§ **What you need to do**: Return only the line containing "svatar portable 4" and each line after it, exactly as written, through the end of the records.

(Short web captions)
****************************************

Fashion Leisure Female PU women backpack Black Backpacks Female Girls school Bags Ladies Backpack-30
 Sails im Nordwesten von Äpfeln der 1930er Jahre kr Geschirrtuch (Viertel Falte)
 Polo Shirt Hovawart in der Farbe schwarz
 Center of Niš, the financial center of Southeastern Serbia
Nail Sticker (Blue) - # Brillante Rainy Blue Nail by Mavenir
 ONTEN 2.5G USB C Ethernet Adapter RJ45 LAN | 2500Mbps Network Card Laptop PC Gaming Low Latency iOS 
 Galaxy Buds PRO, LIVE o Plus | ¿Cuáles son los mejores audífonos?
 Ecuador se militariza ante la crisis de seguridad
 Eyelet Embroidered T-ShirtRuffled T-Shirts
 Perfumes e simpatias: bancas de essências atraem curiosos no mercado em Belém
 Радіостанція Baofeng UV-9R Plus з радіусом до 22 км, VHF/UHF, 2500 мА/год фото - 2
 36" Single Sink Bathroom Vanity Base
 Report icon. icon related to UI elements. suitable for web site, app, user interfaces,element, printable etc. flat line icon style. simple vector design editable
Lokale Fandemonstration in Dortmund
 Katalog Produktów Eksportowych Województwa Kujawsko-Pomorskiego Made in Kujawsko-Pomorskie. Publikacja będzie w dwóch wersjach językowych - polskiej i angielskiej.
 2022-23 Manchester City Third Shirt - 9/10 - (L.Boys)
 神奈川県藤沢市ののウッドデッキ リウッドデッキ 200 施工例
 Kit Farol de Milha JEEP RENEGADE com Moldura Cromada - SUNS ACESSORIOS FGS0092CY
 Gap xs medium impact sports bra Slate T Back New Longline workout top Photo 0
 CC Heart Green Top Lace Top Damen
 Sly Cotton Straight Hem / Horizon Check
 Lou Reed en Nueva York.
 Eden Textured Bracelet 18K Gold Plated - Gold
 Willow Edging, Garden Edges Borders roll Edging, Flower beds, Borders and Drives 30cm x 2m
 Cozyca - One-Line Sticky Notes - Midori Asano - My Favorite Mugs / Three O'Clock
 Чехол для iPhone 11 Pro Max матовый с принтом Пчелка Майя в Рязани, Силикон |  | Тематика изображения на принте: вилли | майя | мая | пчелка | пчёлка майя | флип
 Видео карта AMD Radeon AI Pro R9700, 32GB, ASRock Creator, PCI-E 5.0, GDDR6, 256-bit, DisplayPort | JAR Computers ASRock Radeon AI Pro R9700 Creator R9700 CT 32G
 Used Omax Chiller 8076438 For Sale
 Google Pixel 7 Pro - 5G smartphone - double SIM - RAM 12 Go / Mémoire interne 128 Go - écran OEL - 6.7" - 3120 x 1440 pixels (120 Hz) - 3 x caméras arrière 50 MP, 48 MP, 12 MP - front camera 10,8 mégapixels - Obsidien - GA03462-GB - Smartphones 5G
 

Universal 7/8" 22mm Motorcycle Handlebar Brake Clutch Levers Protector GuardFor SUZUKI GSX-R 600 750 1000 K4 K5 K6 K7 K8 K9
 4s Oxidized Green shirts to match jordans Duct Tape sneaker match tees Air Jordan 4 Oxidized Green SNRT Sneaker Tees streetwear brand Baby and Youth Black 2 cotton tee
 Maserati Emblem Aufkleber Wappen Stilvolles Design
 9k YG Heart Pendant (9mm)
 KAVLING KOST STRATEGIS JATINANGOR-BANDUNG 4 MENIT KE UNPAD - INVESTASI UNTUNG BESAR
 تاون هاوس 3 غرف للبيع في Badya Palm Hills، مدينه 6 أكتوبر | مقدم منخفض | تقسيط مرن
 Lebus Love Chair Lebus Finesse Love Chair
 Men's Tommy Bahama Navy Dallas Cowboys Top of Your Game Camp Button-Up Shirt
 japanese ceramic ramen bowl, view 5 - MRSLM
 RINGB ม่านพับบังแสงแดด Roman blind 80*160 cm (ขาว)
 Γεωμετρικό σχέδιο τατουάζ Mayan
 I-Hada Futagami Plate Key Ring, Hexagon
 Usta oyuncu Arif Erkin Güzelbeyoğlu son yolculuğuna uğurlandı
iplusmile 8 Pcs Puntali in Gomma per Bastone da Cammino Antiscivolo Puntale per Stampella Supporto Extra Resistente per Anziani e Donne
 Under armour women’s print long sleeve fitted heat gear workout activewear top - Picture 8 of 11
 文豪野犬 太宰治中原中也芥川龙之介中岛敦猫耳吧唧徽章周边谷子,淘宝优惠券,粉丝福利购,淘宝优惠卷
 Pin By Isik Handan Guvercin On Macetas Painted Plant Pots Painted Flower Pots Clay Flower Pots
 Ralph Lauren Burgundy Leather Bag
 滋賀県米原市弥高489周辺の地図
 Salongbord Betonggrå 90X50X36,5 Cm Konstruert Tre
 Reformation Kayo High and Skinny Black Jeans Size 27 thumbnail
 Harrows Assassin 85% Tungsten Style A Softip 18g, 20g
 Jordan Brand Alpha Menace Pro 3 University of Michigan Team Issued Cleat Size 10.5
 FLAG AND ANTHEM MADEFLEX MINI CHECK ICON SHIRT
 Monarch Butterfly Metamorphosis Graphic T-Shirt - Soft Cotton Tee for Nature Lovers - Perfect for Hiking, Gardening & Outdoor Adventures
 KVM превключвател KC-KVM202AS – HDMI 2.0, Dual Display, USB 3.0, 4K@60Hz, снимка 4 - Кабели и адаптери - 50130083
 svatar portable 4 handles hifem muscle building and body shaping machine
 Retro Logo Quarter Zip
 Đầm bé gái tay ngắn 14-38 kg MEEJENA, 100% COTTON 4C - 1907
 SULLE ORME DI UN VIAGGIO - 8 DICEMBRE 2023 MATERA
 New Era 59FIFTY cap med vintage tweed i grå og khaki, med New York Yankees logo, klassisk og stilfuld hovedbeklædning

****************************************

§ **Exercise answer**:
 svatar portable 4 handles hifem muscle building and body shaping machine
 Retro Logo Quarter Zip
 Đầm bé gái tay ngắn 14-38 kg MEEJENA, 100% COTTON 4C - 1907
 SULLE ORME DI UN VIAGGIO - 8 DICEMBRE 2023 MATERA
 New Era 59FIFTY cap med vintage tweed i grå og khaki, med New York Yankees logo, klassisk og stilfuld hovedbeklædning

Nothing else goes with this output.